Rehabilitasi Fisik, Psikis, Sosial dan Reintegratif wajib dilakukan khususnya oleh Pemerintah dan warga Masyarakat. Rehablitasi fisik menyangkut kesehatan fisik para korban, wajib dilakukan. Kekhawatiran kondisi para korban yang berpotensi tertular penyakit seksual sangat besar. Aktivitas kelainan seksual yang dilakukan para Tersangka tidak menutup kemungkinan juga dilakuakn oleh Tersangka diluaran sana, dan memaparkan penyakit menjijikan ini kepada para korban. Pemerintah dibantu warga masayrakat wajib melakukan hal ini.

Rehabilitasi psikis, ini yang juga menjadi pekerjaan rumah berat dan membutuhkan waktu cukup Panjang dan kontinuitas. Menyembuhkan luka psikis yang berada pada bathin seseorang tidak lebih mudah ketimbang menyembuhkan luka fisik seseorang yang berdarah-darah. Dibutuhkan treatment terbaik bagi para korban terlebih yang berusia anak untuk dapat memastikan dirinya terhindar dari kondisi traumatic pasca kejadian tersebut.

Rehabilitasi sosial, selain wajib dilakukan kepada para korban, juga harus dilakukan kepada warga masyarakat khususnya di lokasi kejadian. Setelah selama puluhan tahun kejaidan ini berlangsung dan akhirnya baru terungkap hari-hari ini, tentu menimbulkan efek kejut yang membuat masyarakat sekitar shock. Pada hal ini, Penulis sebenarnya sangat menyayangkan kepada warga disana yang seakan “membiarkan” hal ini terjadi selama puluhan tahun dan tak mempunyai alarm oleh warga sekitar. Padahal secara kasat mata jelas terlihat kondisi fisik dan psikis para Tersangka yang sangat mencurigakan dan terindikasi jelas mempunyai kelainan. Akan tetapi perasaan menyayangkan ini tidak lantas harus selalu diucapkan dan disesali. Kondisi saat ini membutuhkan langkah dan solusi cepat daripada sekadar perasaan “menyayangkan” saja. Warga khususnya disekitar lokasi terdampak harus mendapatkan rehabilitasi social. Segenap keluarga yang berada disana, khususnya anak-anak yang terdampak secara tidak langsung, harus juga mendapatkan penanganan serius. Berkaca dari pengamatan Penulis di lokasi, ada sekian puluh anak-anak yang sempat terdengar mengatakan kata-kata tidak pantas yang telah terjadi di Yayasan tersebut.

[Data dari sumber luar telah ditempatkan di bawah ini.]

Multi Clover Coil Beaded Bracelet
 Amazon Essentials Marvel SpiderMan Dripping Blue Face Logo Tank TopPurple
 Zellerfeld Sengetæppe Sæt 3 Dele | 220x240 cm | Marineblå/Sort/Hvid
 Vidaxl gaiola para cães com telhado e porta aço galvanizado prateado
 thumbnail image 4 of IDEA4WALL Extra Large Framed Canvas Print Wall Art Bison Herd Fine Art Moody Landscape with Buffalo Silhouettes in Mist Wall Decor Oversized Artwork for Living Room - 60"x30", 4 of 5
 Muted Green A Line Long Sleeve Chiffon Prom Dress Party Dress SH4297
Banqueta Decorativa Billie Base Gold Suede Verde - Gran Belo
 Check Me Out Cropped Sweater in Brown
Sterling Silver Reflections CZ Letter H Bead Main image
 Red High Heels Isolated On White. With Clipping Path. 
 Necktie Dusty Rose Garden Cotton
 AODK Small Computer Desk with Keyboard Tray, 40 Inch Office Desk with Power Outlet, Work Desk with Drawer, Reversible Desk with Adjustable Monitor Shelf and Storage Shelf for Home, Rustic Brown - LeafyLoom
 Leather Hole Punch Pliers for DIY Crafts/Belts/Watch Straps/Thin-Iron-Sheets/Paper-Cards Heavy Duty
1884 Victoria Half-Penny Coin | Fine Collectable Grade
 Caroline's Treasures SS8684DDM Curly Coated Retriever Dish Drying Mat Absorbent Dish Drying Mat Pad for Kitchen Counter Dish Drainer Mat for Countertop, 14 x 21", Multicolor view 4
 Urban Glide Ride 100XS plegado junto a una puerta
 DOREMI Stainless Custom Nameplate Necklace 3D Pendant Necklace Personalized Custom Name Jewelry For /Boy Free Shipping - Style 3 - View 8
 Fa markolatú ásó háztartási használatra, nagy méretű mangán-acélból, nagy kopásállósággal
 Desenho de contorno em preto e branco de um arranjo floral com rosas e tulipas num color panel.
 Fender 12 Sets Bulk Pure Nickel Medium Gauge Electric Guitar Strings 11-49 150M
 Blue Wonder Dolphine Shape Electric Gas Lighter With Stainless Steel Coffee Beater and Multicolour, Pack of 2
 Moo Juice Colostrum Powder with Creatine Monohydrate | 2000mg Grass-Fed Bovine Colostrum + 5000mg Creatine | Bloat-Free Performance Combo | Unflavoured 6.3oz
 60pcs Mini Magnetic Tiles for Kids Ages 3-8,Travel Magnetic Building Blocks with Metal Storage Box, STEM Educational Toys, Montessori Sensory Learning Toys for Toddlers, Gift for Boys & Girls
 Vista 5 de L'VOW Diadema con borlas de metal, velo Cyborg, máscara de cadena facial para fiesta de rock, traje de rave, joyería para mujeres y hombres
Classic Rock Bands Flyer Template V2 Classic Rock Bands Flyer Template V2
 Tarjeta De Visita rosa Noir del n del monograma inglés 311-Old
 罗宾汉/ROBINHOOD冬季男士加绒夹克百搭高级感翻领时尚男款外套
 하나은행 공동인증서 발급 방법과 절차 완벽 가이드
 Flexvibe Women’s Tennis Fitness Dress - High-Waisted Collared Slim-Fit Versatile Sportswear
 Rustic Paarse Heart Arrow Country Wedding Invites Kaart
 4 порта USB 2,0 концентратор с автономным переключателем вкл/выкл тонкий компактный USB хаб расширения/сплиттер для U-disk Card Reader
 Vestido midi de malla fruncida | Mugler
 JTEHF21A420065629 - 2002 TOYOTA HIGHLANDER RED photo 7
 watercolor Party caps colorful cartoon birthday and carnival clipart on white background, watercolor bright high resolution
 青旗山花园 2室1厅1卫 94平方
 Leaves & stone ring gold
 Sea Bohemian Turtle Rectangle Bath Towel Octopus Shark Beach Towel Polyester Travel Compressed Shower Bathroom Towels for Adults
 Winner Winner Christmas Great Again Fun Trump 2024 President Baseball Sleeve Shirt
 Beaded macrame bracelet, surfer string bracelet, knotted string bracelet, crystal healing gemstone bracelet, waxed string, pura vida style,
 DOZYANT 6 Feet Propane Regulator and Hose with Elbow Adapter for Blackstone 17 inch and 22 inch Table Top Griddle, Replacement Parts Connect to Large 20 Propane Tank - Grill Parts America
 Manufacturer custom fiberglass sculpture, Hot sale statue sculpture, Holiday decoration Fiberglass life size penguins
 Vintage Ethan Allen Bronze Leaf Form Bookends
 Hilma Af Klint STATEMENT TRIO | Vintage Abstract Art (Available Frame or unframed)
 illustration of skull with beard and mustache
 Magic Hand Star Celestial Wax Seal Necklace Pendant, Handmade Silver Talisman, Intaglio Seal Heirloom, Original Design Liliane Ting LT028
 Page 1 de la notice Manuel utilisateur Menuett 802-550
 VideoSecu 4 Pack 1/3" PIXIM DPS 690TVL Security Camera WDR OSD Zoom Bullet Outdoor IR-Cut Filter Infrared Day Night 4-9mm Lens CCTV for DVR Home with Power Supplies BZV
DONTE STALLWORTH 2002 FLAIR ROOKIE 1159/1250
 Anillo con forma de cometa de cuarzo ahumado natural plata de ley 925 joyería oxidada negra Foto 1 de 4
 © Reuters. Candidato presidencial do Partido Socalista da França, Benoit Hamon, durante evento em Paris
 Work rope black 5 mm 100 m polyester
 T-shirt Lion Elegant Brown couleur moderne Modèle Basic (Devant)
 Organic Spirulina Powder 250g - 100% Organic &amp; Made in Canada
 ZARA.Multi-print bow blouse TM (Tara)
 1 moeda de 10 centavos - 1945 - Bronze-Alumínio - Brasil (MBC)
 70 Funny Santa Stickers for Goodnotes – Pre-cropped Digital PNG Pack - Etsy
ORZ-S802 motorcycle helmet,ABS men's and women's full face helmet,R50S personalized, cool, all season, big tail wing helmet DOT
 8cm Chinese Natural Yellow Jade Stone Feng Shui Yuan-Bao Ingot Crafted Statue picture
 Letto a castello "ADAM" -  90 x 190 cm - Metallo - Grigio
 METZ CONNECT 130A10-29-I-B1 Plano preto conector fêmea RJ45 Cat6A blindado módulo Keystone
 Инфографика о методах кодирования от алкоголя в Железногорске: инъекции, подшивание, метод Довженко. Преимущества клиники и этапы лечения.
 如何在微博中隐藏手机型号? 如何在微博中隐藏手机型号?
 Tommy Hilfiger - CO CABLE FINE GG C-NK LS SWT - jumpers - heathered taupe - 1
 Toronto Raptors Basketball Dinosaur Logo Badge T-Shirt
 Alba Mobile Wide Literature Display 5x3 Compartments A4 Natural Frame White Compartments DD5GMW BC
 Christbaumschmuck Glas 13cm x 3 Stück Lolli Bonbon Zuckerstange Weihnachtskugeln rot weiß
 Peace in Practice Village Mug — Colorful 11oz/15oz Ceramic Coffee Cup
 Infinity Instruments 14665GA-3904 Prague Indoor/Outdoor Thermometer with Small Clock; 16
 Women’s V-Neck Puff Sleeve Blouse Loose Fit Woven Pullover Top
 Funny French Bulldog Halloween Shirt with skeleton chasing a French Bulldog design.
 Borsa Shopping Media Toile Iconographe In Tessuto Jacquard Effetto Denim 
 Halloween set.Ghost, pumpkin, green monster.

Reintegratif bagi para korban khususnya dan warga terdampak pada umumnya, harus dilakukan. Monitoring dan evaluasi dengan memakai teknik tertentu yang diusulkan oleh konselor harus kontinuitas dilakukan untuk mengukur, apakah kejadian pahit ini telah benar-benar tidak membawa dampak buruk bagi semua korban dan warga sekitar.

Evaluasi Regulasi

Menteri Sosial, Saifullah Yusuf Ketika menerima laporan kejadian tersebut dari Penulis beserta tim relawan serta juga diantar oleh Ketua KPAI mengatakan, bahwa regulasi yang ada tentang Lembaga Kesejahteraan Sosial wajib dilakukan evaluasi. Hal ini sejalan dengan kondisi sebuah badan Yayasan Sosial yang domain dan kebijakannya berada pada instansi sosial, serta mengatur permasalahan kelembagaan sosial, yang pada realitasnya sepertinya tidak selalu sesuai dengan aturan yang ada.

Keberadaan dan aktivitas Yayasan Darussalam An-Nur yang telah puluhan tahun ini mejadi cotoh konkrit, betapa Pemerintah kecolongan, Yayasan ini ternyata tidak sesuai dengan aturan yang ada, bahkan tidak terlegislasi secara hukum serta tidak terdaftar pada Dinas Sosial Kota Tangerang. Ditambah telah terjadi pelanggaran hak asasi manusia disana. Suatu kondisi yang membuat kepala kita menjadi sakit tanpa tahu penyebabnya. Bagaimana tidak, suatu kemirisan yang terjadi, keberadaan dan aktivitas Yayasan yang sudah puluhan tahun, tersebar di segenap media sosial, telah sekian banyak warga masyarakat yang menjadi donator tetap dan relawan, ternyata tidak mempunyai landasan alias illegal. Ya ampuunn..!.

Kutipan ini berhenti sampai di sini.